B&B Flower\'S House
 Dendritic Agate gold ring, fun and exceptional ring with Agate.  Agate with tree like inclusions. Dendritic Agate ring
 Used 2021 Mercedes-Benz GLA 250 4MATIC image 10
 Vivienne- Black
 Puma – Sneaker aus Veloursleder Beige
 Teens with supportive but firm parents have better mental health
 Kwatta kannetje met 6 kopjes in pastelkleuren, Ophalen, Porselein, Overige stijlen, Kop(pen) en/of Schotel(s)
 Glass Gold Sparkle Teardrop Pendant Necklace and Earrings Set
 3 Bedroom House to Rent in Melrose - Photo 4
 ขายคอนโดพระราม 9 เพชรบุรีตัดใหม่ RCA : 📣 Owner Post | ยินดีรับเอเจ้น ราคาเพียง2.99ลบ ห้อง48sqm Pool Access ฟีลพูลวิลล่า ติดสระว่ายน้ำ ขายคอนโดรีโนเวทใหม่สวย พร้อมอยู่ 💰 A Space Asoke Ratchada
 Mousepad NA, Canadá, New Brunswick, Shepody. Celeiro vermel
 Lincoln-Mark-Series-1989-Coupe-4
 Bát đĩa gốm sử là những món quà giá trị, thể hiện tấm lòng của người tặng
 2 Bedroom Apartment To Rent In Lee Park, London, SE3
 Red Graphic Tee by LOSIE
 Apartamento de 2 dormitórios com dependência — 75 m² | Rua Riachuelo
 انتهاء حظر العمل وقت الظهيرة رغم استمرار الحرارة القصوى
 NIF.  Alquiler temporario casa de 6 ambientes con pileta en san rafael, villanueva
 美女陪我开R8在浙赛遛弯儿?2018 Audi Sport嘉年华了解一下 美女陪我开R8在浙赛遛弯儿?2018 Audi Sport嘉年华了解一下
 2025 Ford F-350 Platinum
^^^^^^^^
=== Prompt ===
Each line of the listing above that includes the word "House" should be copied.

=== Task solution ===
B&B Flower\'S House
 3 Bedroom House to Rent in Melrose - Photo 4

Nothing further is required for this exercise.